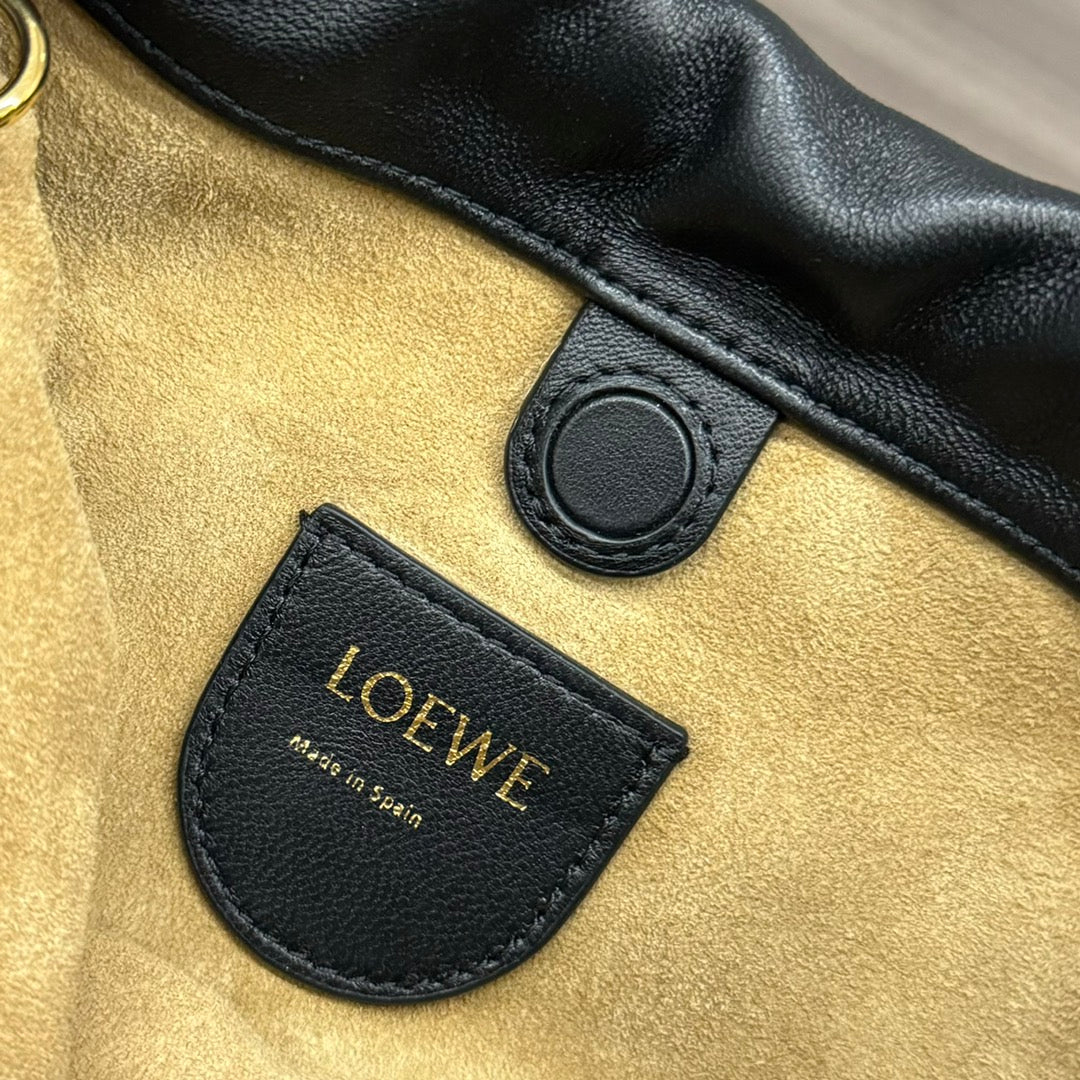 LOEWE LOE 23 FLAMENCO PURSE BUCKET IN BLACK LAMBSKIN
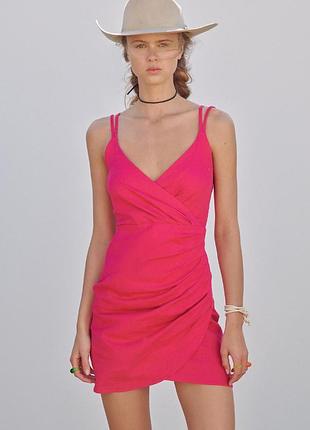 Яскрава  сукня кольору фуксія zara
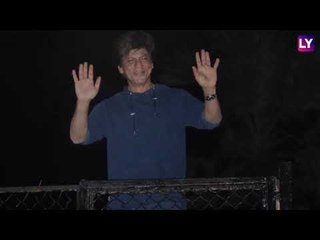 शाहरुख खान का 53वां जन्मदिन आज, बधाई देने उमड़े फैंस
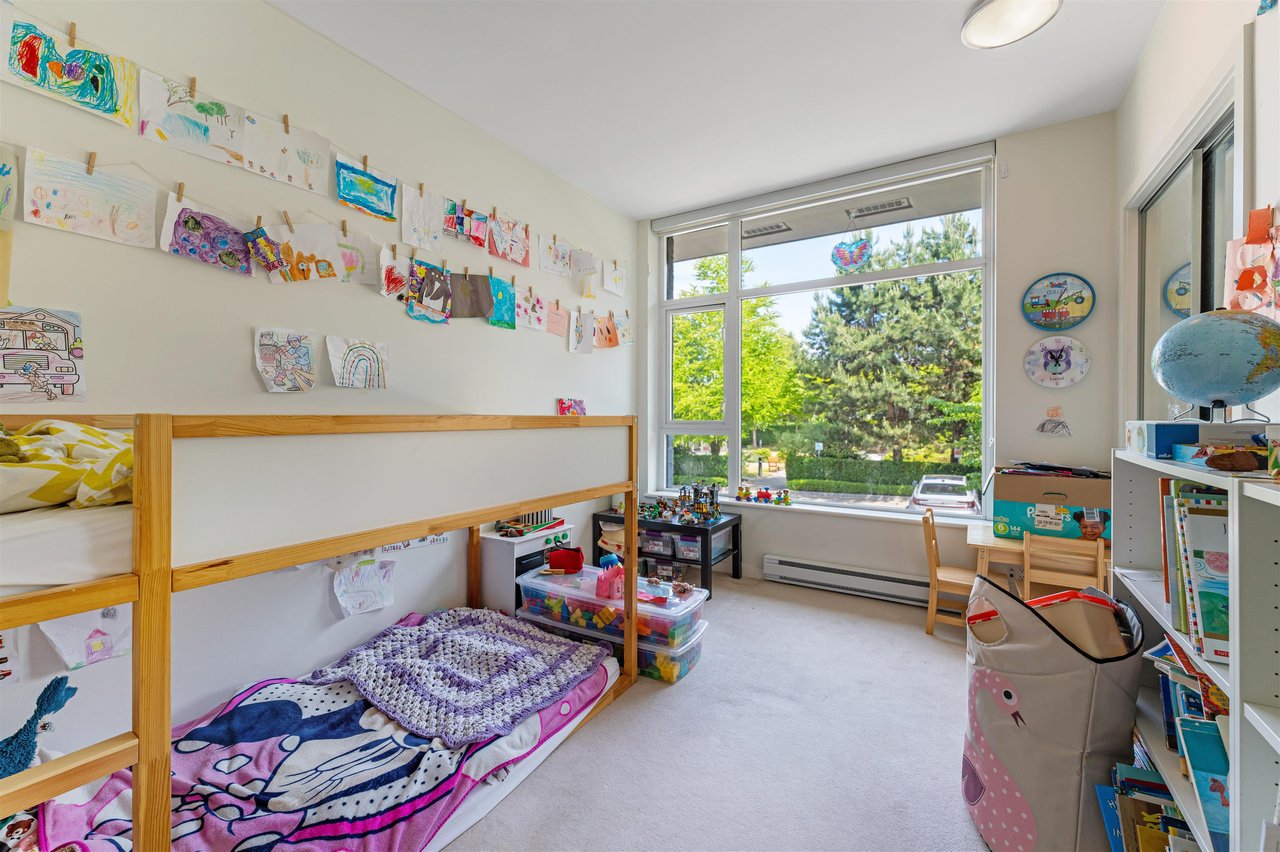 TH8-6063 Iona Dr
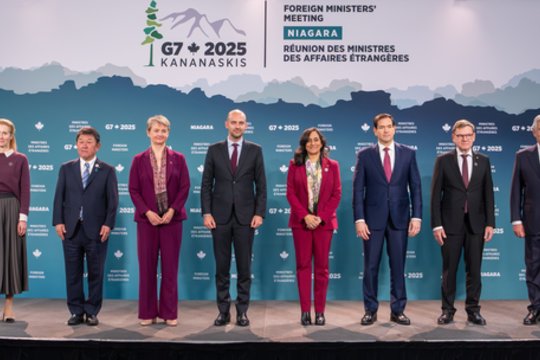 G7 smerkia Kinijos pagalbą Rusijai: dar kartą patvirtino nepajudinamą paramą Ukrainai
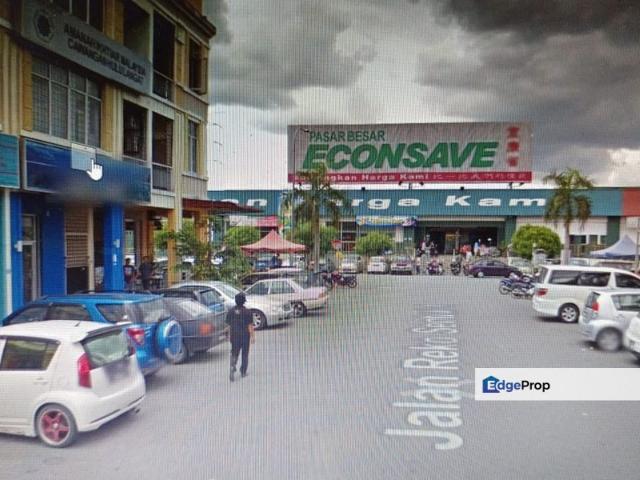 Shop for rent in Kajang, Langat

EXERCISE
Everything from the line containing "кольору фуксія zara" through the last line of the entries must be repeated verbatim, except pictures.

OUTPUT FOR THIS TASK
 Яскрава  сукня кольору фуксія zara
 शाहरुख खान का 53वां जन्मदिन आज, बधाई देने उमड़े फैंस
 TH8-6063 Iona Dr
 G7 smerkia Kinijos pagalbą Rusijai: dar kartą patvirtino nepajudinamą paramą Ukrainai
 Shop for rent in Kajang, Langat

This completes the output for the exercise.